VATICAN (Agencies): Fake news grabs people’s attention “by appealing to stereotypes and common social prejudices and exploiting instantaneous emotions like anxiety, contempt, anger and frustration,” Pope Francis writes in his message for World Communications Day 2018 which was released at the Vatican on January 24, the feast of St. Francis de Sales, patron saint of journalists.
Given the strong divisions sparked and fuelled by fake news, Pope Francis highlights the importance of truth. In his message, the pope calls for promoting “professional journalism,” which always seeks the truth and therefore peace and understanding in the world. 
The message proposes “a reflection on the causes, the logic and the consequences of disinformation in the media.”
The pope notes that fake news is so effective because it mimics real news but uses “non-existent or distorted data” to deceive and manipulate. He goes on to say that in the modern world, with the rapid and viral spread of news and information—both real and fake—lives and souls are at stake, because the “father of lies” is the devil.
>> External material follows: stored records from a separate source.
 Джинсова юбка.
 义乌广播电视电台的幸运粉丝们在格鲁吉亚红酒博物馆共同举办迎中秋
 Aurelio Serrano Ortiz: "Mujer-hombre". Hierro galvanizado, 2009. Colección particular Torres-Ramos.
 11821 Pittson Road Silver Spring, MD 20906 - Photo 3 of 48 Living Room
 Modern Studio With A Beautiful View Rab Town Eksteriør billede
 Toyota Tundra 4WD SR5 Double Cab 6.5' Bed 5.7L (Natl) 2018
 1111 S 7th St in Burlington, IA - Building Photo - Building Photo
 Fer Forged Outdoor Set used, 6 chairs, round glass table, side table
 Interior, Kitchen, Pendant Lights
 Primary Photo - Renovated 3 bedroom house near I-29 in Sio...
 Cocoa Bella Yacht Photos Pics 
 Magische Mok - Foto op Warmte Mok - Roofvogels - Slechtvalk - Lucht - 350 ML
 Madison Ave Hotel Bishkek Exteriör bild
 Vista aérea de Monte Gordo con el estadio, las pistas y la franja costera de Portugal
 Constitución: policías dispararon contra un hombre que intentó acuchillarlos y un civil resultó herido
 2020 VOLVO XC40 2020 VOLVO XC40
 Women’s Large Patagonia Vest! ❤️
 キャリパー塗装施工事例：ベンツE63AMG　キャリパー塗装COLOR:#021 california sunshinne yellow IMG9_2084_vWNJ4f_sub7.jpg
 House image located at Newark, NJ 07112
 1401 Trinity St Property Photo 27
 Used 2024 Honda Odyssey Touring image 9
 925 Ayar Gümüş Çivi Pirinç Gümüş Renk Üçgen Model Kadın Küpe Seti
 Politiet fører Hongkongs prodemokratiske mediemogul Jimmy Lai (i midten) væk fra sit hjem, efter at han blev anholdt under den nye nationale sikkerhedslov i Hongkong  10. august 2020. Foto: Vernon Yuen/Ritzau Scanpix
Pope Francis points out that the first to employ the fake-news tactic was the serpent in the Garden of Eden who convinced Eve she would not die by eating the fruit of the forbidden tree. The bible story shows that “there is no such thing as harmless disinformation; on the contrary, trusting in falsehood can have dire consequences.”
The pope praised educators who teach young people how to read and question the news and the information they see presented on social media. He encouraged efforts to develop regulations to counter fake news and he praised tech and media companies for trying to improve ways to verify “the personal identities concealed behind millions of digital profiles.”
However, he insists, individuals always will have the final responsibility for discerning what is real news and what is helpful to share on social media. “We need to unmask what could be called the ‘snake-tactics’ used by those who disguise themselves in order to strike at any time and place” like the serpent in the Garden of Eden did.
Those who re-post or re-Tweet such false information, become “unwilling accomplices in spreading biased and baseless ideas,” the pope says.
Pope Francis ends his message with his own adaptation of the Prayer of St. Francis for both those who report the news and those who read or watch it. 
Where there is shouting, let us practice listening
Where there is ambiguity, let us bring clarity
Where there is prejudice, let us awaken trust
Where there is hostility, let us bring respect
Where there is falsehood, let us bring truth
World Communications Day will be celebrated on May 13, the Sunday before Pentecost with the theme, ‘The truth will set you free’: Fake news and journalism for peace.